Research has suggested cognitive behavioural therapy, or CBT, can be as effective as drugs in treating chronic sleep problems.

Talk therapy better than sleeping pills for treating insomnia

Experts are increasingly recommending cognitive behavioural therapy, sometimes called talk therapy, over sleeping pills for treating people with insomnia.

Research has suggested cognitive behavioural therapy, or CBT, can be as effective as drugs in treating chronic sleep problems.

In fact, CBT has been shown to improve not only insomnia but also overall well- being and some symptoms of depression, Live science reported.

A recent study has also suggested that taking sleeping pills to treat insomnia may shorten people’s lives. 

“There are major benefits for CBT over medication,” said Dr. David Plante, a sleep specialist at the University of Wisconsin.

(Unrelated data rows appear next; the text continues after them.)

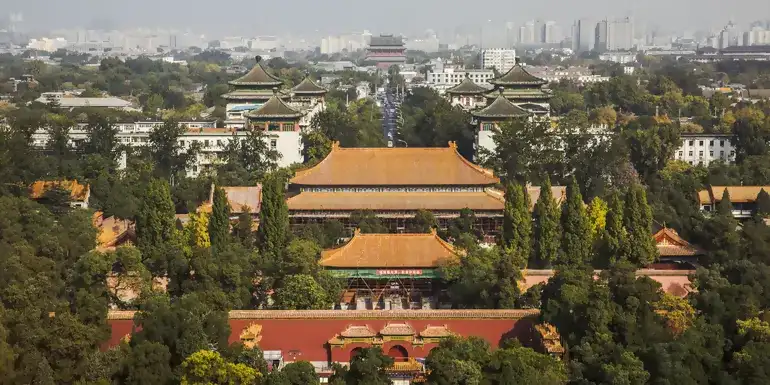 China: Big Cities & Iconic Culture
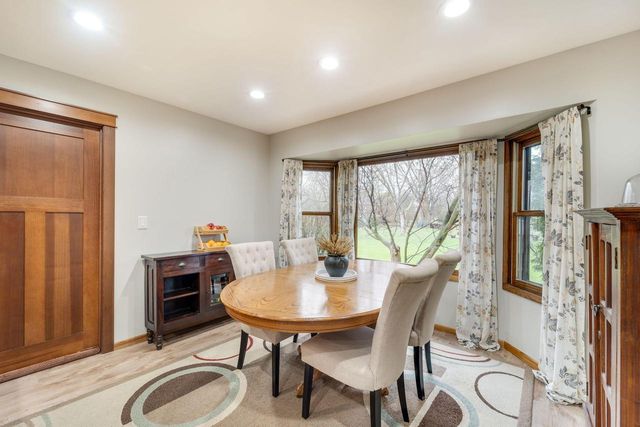 7932 112th AVENUE, Pleasant Prairie, WI 53158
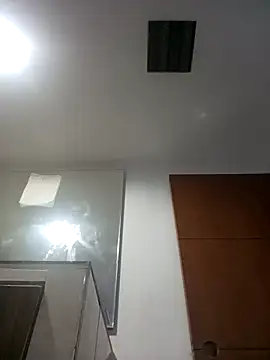 Snapshot of SAKURA_HOT2 chatting on 12/19/25, 06:16 SAKURA HOT2 online show from 12/19/25, 06:16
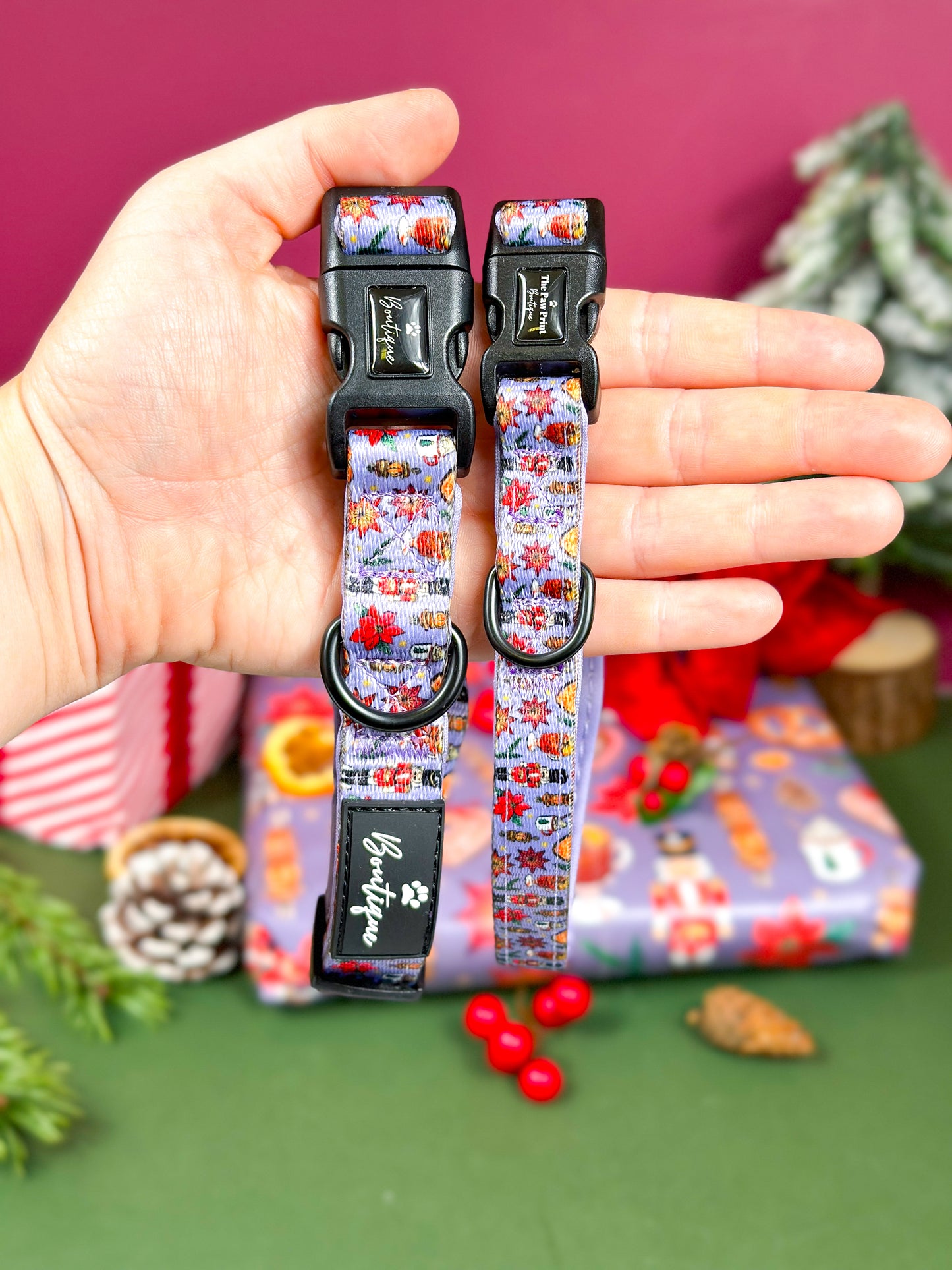 The Christmas Market Collar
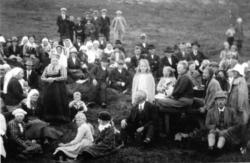 Kristeleg samling på Jordheimstølane i Hemsedal i 1926.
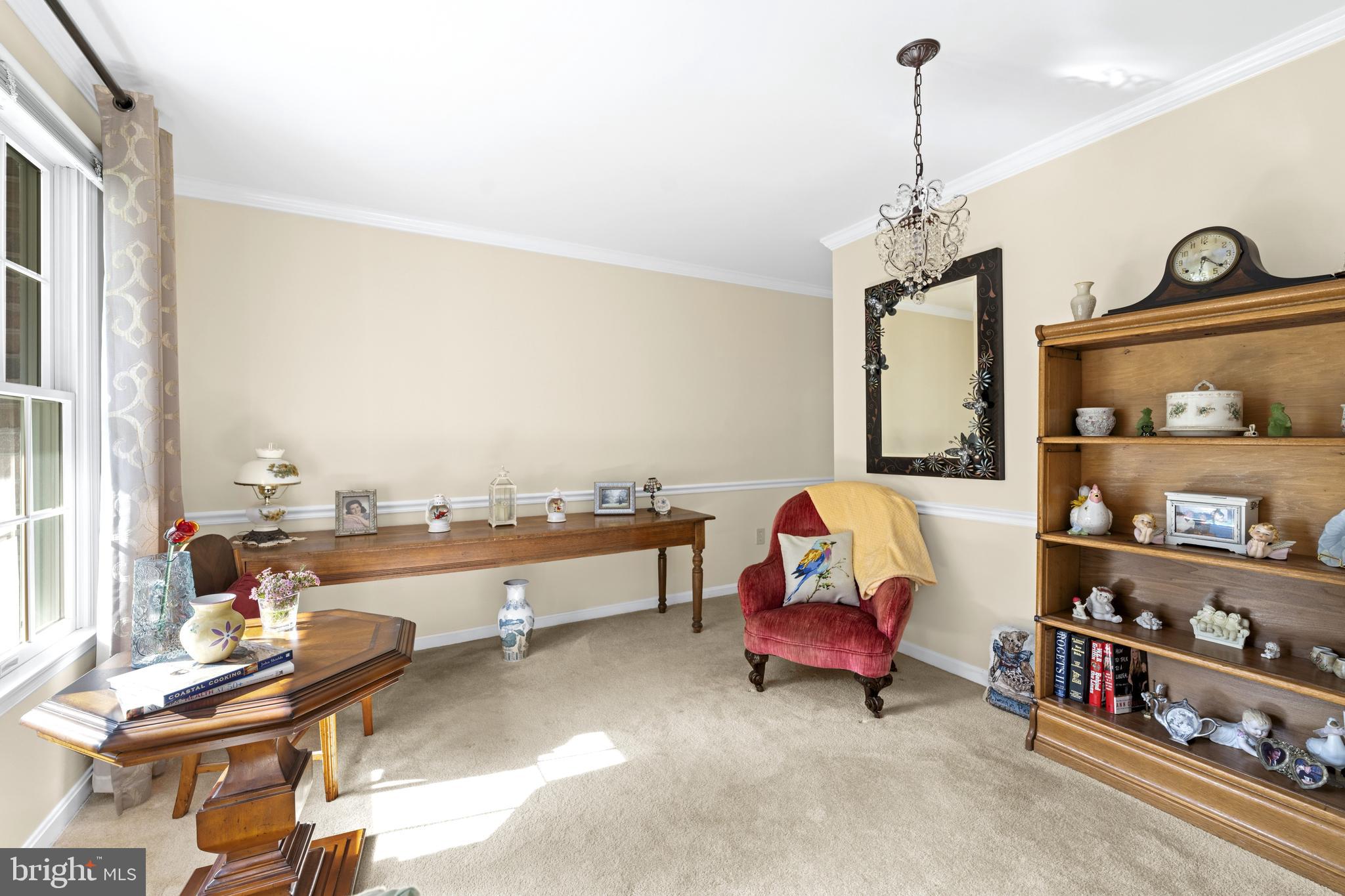 9816 Magledt Road Baltimore, MD 21234 - Photo 22 of 57 Den/Living Room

“You have long-term benefits, even after the treatment is done, which isn’t usually the case for sleeping pills,” he stated.

CBT can treat insomnia without the use of sleeping pills. With the help of a sleep specialist, a person with insomnia learns to develop good sleeping habits and is taught skills to cope with sleep anxiety.

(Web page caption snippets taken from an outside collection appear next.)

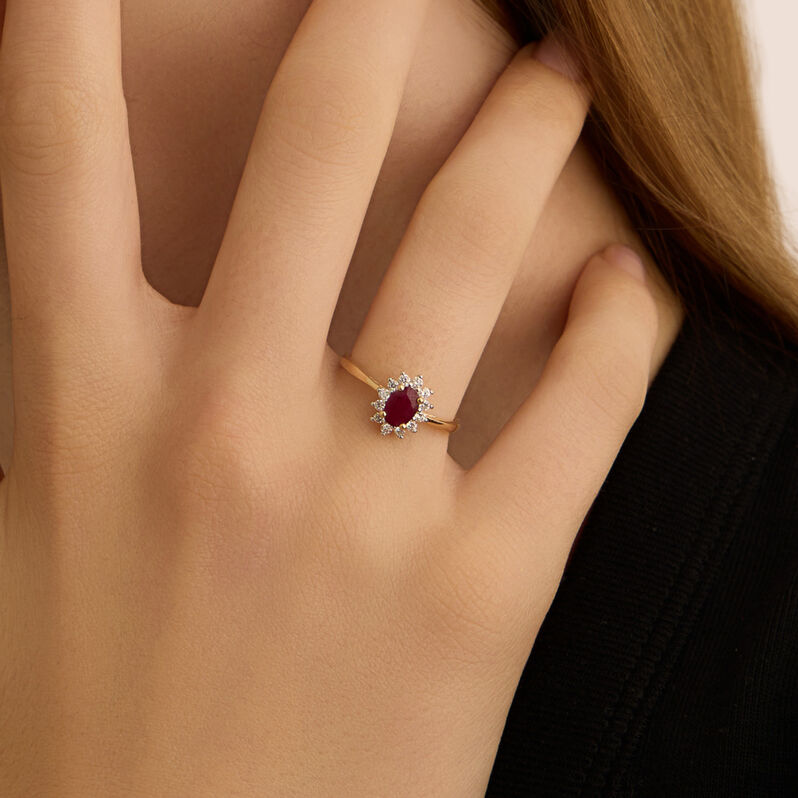 Anello Solitario Kate Charlotte Oro Giallo Rubino Diamante - Anelli con Pietre Donna | Stroili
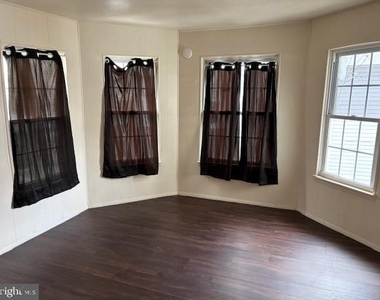 112 W Main Street - Photo Thumbnail 4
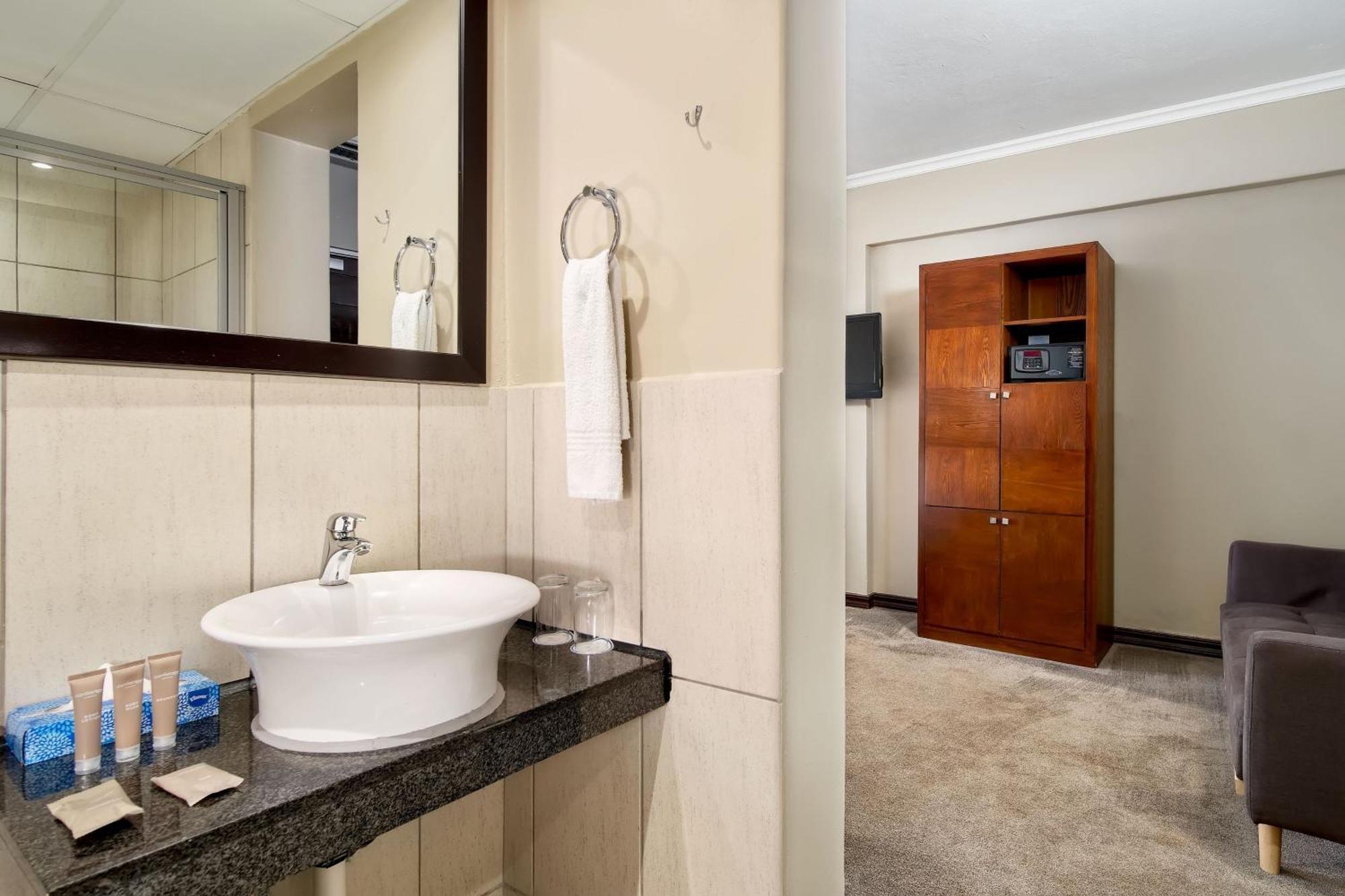 Protea Hotel By Marriott Pretoria Hatfield Zimmer foto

Insomnia can last several weeks, and it can be a sign of other health problems, including sleep apnea, restless leg syndrome, substance abuse or mental disorders.

“Chronic insomnia is a public health issue. With any patient, we try to weigh the benefits and risks of appropriate treatment,” Plante said.

Although some studies suggest the use of sleeping pills can be dangerous, experts still see them as beneficial for the short term.

“It’s worthwhile to use sleep medications if someone is going through acute stress, or grief, for probably a month. But after that, they should be tapered off,” said James Findley, a behavioural sleep specialist at the University of Pennsylvania.

Sleeping pills tend to work quickly in relieving symptoms, but they carry the risk of becoming addictive, Findley said, and they don’t help treat the underlying causes of sleep problems.

“Some people have tried multiple medications, but they become less effective over time,” he added.

While CBT is widely viewed as effective for insomnia, it isn’t always available for everyone.

Often, people who live in remote areas don’t have access to specialists trained in CBT, or they can’t find a specialist within their health care provider network.

Furthermore, Plante said, “sometimes patients may not want to do psychotherapy. They don’t want to invest the time.”

Studies have shown that on average, it takes about eight weeks of CBT before sleep improves, according to Findley.

But unlike sleeping pills, results tend to last, and the treatment helps with the problems connected with insomnia, such as depression and anxiety.

In a study by the American Academy of Sleep Medicine, CBT was effective in treating up to 80 percent of people. Researchers also found that study participants maintained their sleep improvement for at least six months.

“We’re always trying to minimize medication use and find other ways to treat insomnia,” Plante said.